Created by Norman Collins and originally presented by Alan Ivimey the programme was first broadcast on 7 October 1946 on the BBC's Light Programme (now called Radio 2). It was transferred to its current home in 1973. Over the years it has been presented by Joan Griffiths, Olive Shapley, Jean Metcalfe (1947, 1958), Marjorie Anderson (until 1972), Judith Chalmers (1966–1970), Sue MacGregor (1972–1987), Jenni Murray (1987 – present), and Martha Kearney (1998 – March 2007).
Sheila McClennon regularly filled in for Murray and Kearney before joining the presenting team of You and Yours. Other 'fill in' presenters, now more formally connected with other areas of BBC programmes and output, have included Carolyn Quinn, Jane Little and Ritula Shah, and Oona King and Amanda Platell are former guest presenters. Jane Garvey became part of the presenting team on Monday 8 October 2007.

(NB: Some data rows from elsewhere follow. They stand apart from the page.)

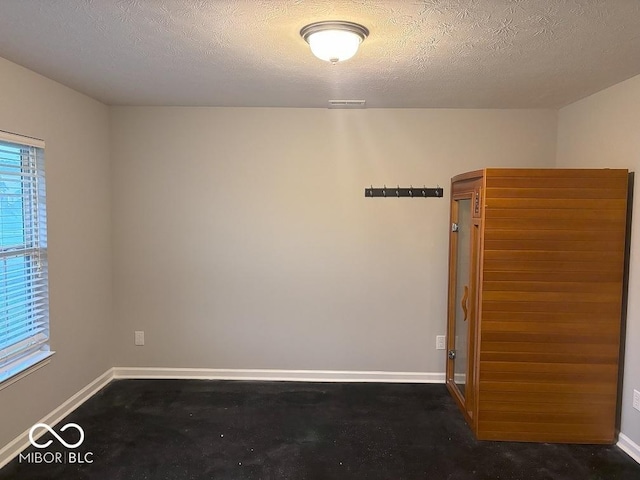 1287 Highland Lake Way, Brownsburg, IN 46112 - unfurnished room featuring baseboards and a textured ceiling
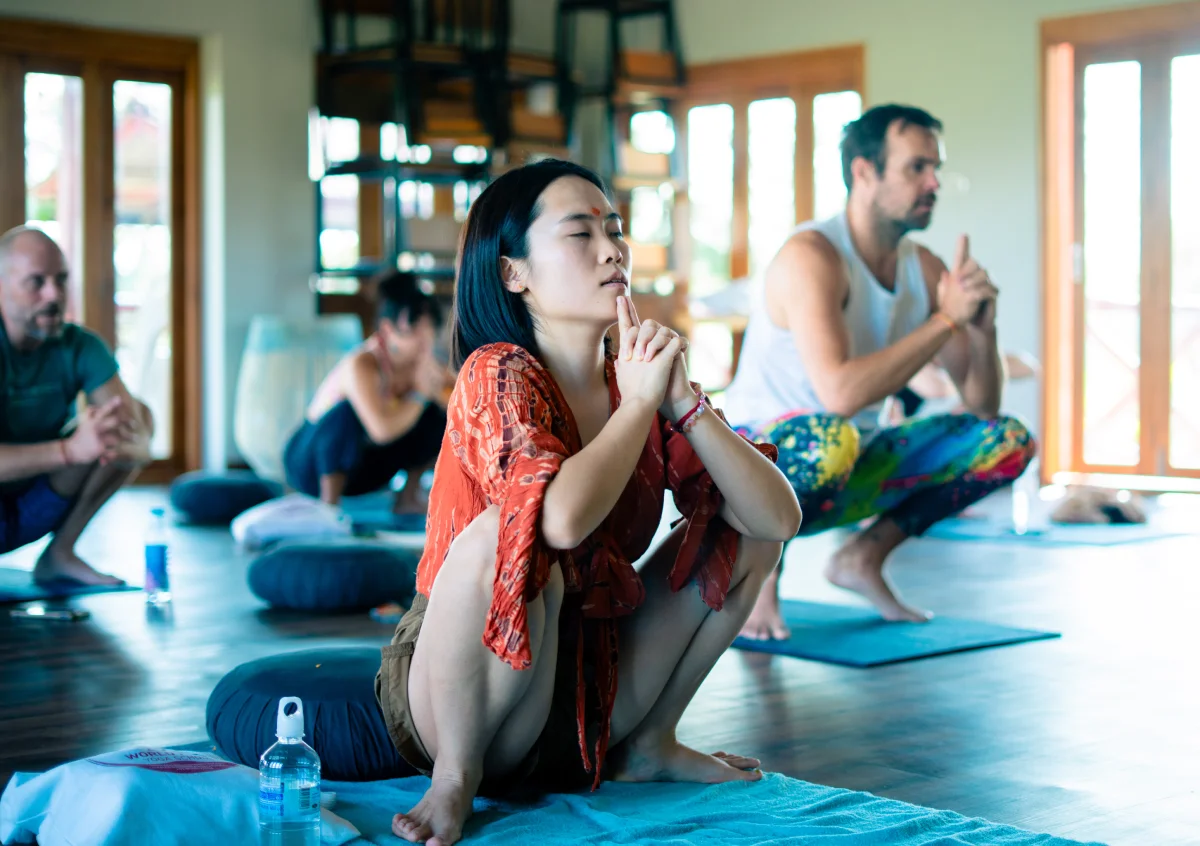 Students in a deep squat with hands joined at the chin during a kundalini class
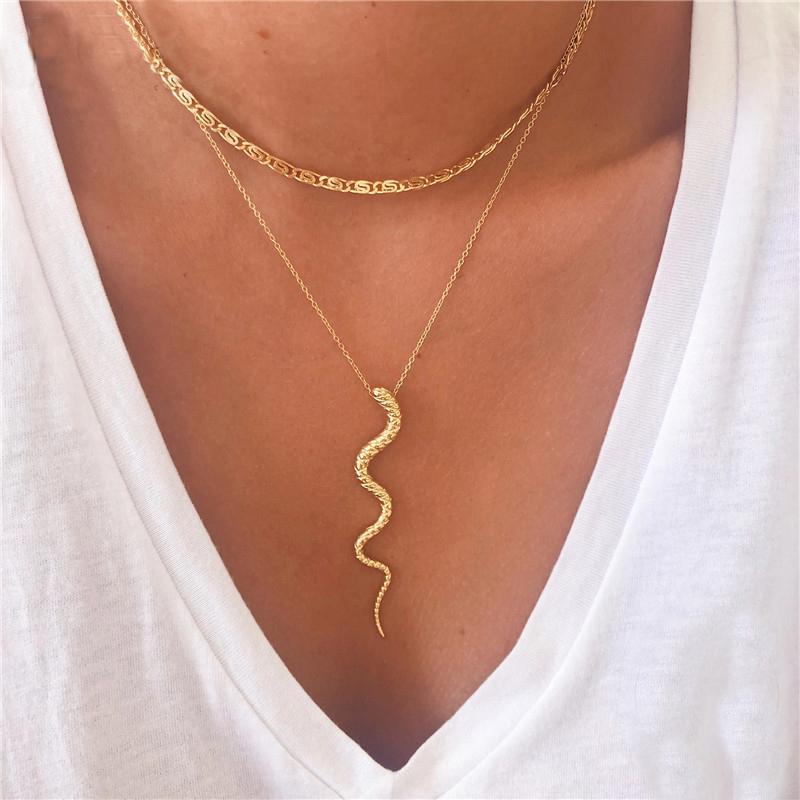A model wearing a gold serpent necklace.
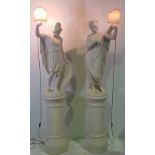 A RARE PAIR OF LARGE 19TH CENTURY PLASTER GREEK FIGURES, each holding a lamp, electrified, each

On 1 January 2005, the show became Man's Hour for one day only, on which it was presented by Channel 4 News anchor Jon Snow. On 18 July 2010, after 64 years of Woman's Hour, the BBC began broadcasting a full series called Men's Hour on BBC Radio 5 presented by Tim Samuels.
In its current format, the first 45 minutes of the programme consists of reports, interviews and debates on health, education, cultural and political topics aimed at women and mothers. The last 15 minutes are taken up with short-run drama serials (Woman's Hour Drama) which periodically change. One of the most popular of these are the recurring Ladies of Letters serials starring Prunella Scales and Patricia Routledge. (This section is also broadcast at 7.45pm) Before 1998 the last quarter of an hour was dedicated to readings. Research consistently shows that approximately one third of the programme's listeners are male.[dead link]
Woman's Hour has been broadcast at 10am since James Boyle's revision of the Radio 4 schedules in April 1998. Between September 1991 and April 1998 it was broadcast at 10.30am, having previously gone out for many years in an early afternoon slot. The programme's move to a morning slot was unpopular among some listeners who, for family or other reasons, work only in the morning. Michael Green, the then controller of Radio 4, made his decision the previous year and considered the elimination of the programme title. Weekend Woman's Hour is broadcast on Saturday afternoons at 4 pm, which features highlights of the previous week.
In its earlier years, it used a variety of popular light classics as signature tunes, including such pieces as Anthony Collins' Vanity Fair and the lively Overture from Gabriel Fauré's Masques et Bergamasques. From the early 1970s, specially composed pieces were used, several of which were provided by the BBC Radiophonic Workshop.
- David Hendy Life on Air: A History of Radio Four, 2007, OUP, p332.